Friday, 18 March 2011

Personal Digital Archiving Conference 2011

I had the good fortune to attend the 2011 Personal Digital Archiving conference at the Internet Archive, along with other colleagues on the AIMS project, including Michael Forstrom from Yale and Michael Olson, Peter Chan, and Glynn Edwards from Stanford. The conference was exceptional, and had a great range of presentations ranging from those on fairly pragmatic topics to the highly theoretical. There are a number of other blogs with comprehensive notes on the conference, and the conference's organizers have already provided a detailed listing of those. Instead, I'd just like to focus on what I considered the highlights of the conference.
  • Cathy Marshall's keynote was excellent. I have seen her speak before, and she presented an survey of her ongoing research into personal digital archives.
  • Jeremy Leighton John presented on work undertaken since the Digital Lives project at the British Library.
  • Judith Zissman presented on "agile archiving", similar to agile development, wherein individuals can continually refine their archival practices.
  • Birkin Diana presented on how Brown University is working to make their institutional repository a space for personal materials, and strategies that allow users to work on adding metadata iteratively.
  • Daniel Reetz presented on his DIY Book Scanner project, but also brought in detailed technical analysis about how image sensors in digital cameras work and how our brains process image data.
  • Jason Zalinger introduced the notion of Gmail as a "story-world" and presented some prototype tools and games to help navigate that world.
  • Cal Lee presented on introducing education about digital forensics to the archival curriculum.
  • Kam Woods also presented on applying digital forensics to the archival profession.
  • Sam Meister presented on the complex ethics of using forensics in acquiring and processing the records from start-up companies.
In addition, I presented with Amelia Abreu on "archival sensemaking", which introduces the notion of personal digital archiving practice as an iterative, context-bound process.

Saturday, 12 March 2011

Processing Born Digital Materials Using AccessData FTK

To follow up with my previous blog entry on "Surprise Use of Forensic Software in Archives", I have prepared a YouTube video "Processing Born Digital Materials Using AccessData FTK". I hope this video can give people more details on how FTK is being used at Stanford University Libraries. Take a look and let me know what you think.

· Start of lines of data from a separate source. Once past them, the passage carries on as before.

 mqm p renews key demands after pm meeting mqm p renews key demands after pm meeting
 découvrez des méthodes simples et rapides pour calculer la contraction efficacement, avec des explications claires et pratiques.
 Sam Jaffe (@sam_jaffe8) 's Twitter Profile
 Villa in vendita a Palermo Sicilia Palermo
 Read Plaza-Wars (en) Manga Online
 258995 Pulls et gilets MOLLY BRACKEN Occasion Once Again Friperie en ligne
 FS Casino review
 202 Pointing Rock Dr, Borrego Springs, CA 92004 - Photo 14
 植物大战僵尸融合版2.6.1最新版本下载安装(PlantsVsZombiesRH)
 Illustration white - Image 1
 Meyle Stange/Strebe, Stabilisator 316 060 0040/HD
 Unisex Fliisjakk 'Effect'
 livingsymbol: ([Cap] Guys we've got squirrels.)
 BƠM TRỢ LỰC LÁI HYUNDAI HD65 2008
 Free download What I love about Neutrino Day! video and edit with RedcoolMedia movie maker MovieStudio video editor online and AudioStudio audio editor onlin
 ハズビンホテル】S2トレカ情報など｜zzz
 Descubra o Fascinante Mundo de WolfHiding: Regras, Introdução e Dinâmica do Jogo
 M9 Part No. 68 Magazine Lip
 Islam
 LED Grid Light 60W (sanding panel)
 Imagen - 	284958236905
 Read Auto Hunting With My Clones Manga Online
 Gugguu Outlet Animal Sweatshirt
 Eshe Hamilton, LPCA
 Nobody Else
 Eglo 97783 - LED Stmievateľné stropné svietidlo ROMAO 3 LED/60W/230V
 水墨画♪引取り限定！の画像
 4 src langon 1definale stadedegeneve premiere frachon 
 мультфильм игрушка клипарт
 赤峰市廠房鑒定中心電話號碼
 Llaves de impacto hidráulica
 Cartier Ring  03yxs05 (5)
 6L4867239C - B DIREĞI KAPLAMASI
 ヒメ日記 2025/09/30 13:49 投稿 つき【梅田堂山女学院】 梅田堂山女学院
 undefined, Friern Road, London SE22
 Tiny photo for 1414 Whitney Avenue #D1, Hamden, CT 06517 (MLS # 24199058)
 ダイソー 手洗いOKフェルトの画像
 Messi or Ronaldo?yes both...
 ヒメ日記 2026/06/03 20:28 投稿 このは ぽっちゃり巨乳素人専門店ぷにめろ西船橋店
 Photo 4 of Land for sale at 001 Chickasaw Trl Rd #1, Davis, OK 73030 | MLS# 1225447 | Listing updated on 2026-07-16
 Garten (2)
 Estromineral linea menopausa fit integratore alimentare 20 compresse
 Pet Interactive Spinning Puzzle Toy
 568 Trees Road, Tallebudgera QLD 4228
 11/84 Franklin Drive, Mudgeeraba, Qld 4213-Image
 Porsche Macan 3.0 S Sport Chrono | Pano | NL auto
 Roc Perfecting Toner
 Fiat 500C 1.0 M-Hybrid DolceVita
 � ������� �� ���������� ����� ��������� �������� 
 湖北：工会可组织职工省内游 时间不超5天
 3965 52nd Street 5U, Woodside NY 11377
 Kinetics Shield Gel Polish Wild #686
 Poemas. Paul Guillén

I would like to say a few words on discovery and access even though it is not the topic of the video. After we process the files in FTK, one way to delivery the files is to store them in a Fedora repository and let people access our Fedora repository using a web browser through Internet. We have developed an alpha version of this model using files from the Stephen Jay Gould collection. Another way to provide access to the files is to let people use FTK to access the files in our reading room. I will write about that later.

Hope you enjoy the video.

http://www.youtube.com/watch?v=hDAhbR8dyp8

Friday, 4 March 2011

File type categories with PRONOM and DROID

In order to assess a born digital accession, the AIMS digital archivists expressed a need for a report on the count of files grouped by type. The compact listing gives the archivist an overview that is difficult to visualize from a long listing. The category report supplements the full list of all files, and helps with a quick assessment after creation of a SIP via Rubymatica. (In a later post I’ll point out some reasons why pre-SIP assessment is often not practical with born digital.)

At the moment we have six categories. Below is a small example ingest:

Category summary for accession ingested files
data3
moving image1
other2
sound2
still image26
textual12
Total46


Some time ago we decided to exclusively use DROID as our file identification software. It works well to identify a broad variety of files, and is constantly being improved. We initially were using file identities from FITS, but the particular identity was highly variable. FITS gives a “best” identity based meta data returned by several utility programs. We wanted a consistent identification as opposed to some files being identified by DROID, some by the “file utility” and some by Jhove. We are currently using the DROID identification by pulling the DROID information out of the FITS xml for each file. This is easy and required very little change to Rubymatica.

PRONOM has the ability to have “classifications” via the XML element FormatTypes. However, there are a couple of issues. The first problem is that the PRONOM team is focused primarily on building new signatures (file identification configurations) and doesn’t have time to focus on low priority tasks such as categories. Second, the categories will almost certainly be somewhat different at each institution.

Happily I was able to create an easy-to-use web page to manage DROID categories. It only took one day to create this handy tool, and the tool is built-in to Rubymatica. The Rubymatica file listing report now has three sections: 1) overview using the categories 2) list of donor files in the ingest with the PRONOM PUID and human readable format name 3) the full list of all files (technical and donor) in the SIP.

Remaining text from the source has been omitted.